Craig A. Berry craigberry at nospam.mac.com
Wed Apr 13 21:27:52 EDT 2022


On 4/13/22 6:54 PM, Bob Gezelter wrote:
> On Wednesday, April 13, 2022 at 7:05:00 PM UTC-4, Craig A. Berry wrote:
>> On 4/13/22 3:10 PM, Simon Clubley wrote:
>>>  From https://www.theregister.com/2022/04/13/climate_mit_fortran/
>>>
>>> |CLiMA made the determination that old climate models, many of which were
>>> |built 50 years ago and coded in Fortran, had to go if there was going to be
>>> |any progress toward better climate models. Now that he's working at MIT on
>>> |the CGC project, he's realized that "traditional climate models are in a
>>> |language [MIT] students can't even read."
>>>
>>> Can't read the latest symbol-based (instead of word-based) language
>>> without lots of study ? Ok, that's a fair thing to say.
>>>
>>> But Fortran ??? Wow.
>> Um, the code written in the 1960s and 1970s as mentioned in the article
>> was probably not Fortran 77 or even Fortran 66. Unless I'm in a Star
>> Trek episode and 1977 actually came before the 1960s and most of the
>> 1970s.

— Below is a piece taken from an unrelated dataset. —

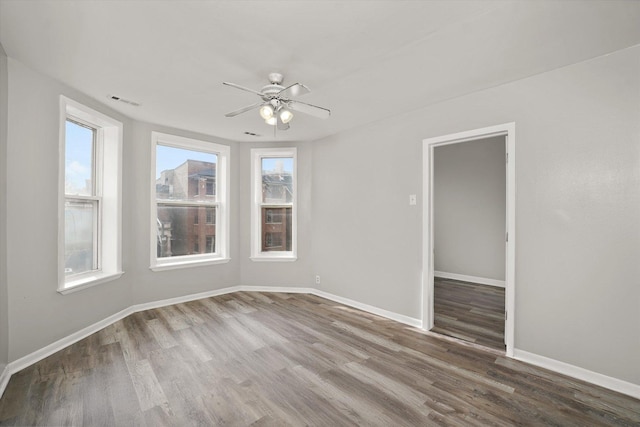 6611 S Peoria St, Chicago, IL 60621 - empty room featuring healthy amount of natural light, wood finished floors, and ceiling fan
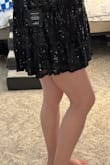 This is very cute. Fits great BUT it's super short. I am 5'9 and it barely covers my butt (few inches of fabric I'd guess). If I lift my arms at all, my undies are out lol. I could wear shorts but that's not the look I wanted. Cannot return since it was final sale. If you are short, this would be great - Shannon M.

Fortran IV was limited to 6-character identifiers and used
>> Hollerith constants. Functions and subroutines were not available so you
>> would tend to see programs tens of thousands of lines long with GOTO all
>> over the place. It was unreadable to me when learning VAX Fortran in
>> 1983, so I can sympathize with someone who knows C++ or Java trying to
>> make sense of it now.
> Craig,
> 
> FORTRAN II (IBM 1620, circa 1960, 20K digits of storage) had full subroutines and functions.

OK.  I read the Wikipedia article wrong, specifically with regard to
functions and subroutines.  The fact they had them doesn't mean they
were used.

> Admittedly, many of these codes were not written to modern
> engineering standards, but one can decode them. Been there, done that (both in
> modern times, and when I was an undergraduate).

Right.  And of course you can decode a 40,000-line program with no
comments and 6-digit identifiers.  But it's work.  Arguably not worth
the effort 10 years after they were written, much less 50.